### Records for the exercise
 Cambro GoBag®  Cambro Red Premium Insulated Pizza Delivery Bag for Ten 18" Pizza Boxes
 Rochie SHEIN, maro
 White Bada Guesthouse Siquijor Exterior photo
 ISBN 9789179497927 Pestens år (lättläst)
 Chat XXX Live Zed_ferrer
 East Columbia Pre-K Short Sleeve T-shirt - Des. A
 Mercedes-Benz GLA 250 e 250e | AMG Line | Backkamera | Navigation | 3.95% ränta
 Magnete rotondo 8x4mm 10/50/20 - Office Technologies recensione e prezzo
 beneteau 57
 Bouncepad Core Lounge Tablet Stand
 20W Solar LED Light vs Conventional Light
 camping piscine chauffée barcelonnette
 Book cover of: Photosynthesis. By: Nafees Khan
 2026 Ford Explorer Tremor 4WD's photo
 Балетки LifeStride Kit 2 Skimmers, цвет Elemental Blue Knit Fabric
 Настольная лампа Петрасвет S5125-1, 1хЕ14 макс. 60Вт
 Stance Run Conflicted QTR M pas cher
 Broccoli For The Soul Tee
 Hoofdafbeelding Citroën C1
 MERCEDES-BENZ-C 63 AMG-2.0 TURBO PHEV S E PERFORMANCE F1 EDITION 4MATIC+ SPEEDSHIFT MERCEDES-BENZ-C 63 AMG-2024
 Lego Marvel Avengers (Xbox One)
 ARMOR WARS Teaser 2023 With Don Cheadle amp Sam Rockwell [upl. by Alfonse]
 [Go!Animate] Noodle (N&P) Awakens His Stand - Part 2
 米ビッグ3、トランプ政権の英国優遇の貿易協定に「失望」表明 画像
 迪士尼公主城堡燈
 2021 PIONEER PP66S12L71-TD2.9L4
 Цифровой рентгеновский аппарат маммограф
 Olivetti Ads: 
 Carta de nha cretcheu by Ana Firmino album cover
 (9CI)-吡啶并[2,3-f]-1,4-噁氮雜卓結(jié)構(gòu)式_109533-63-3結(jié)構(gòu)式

### What to do
Go through the records and show every line with the string "cover" in it.

### Reply to the exercise
 Book cover of: Photosynthesis. By: Nafees Khan
 Carta de nha cretcheu by Ana Firmino album cover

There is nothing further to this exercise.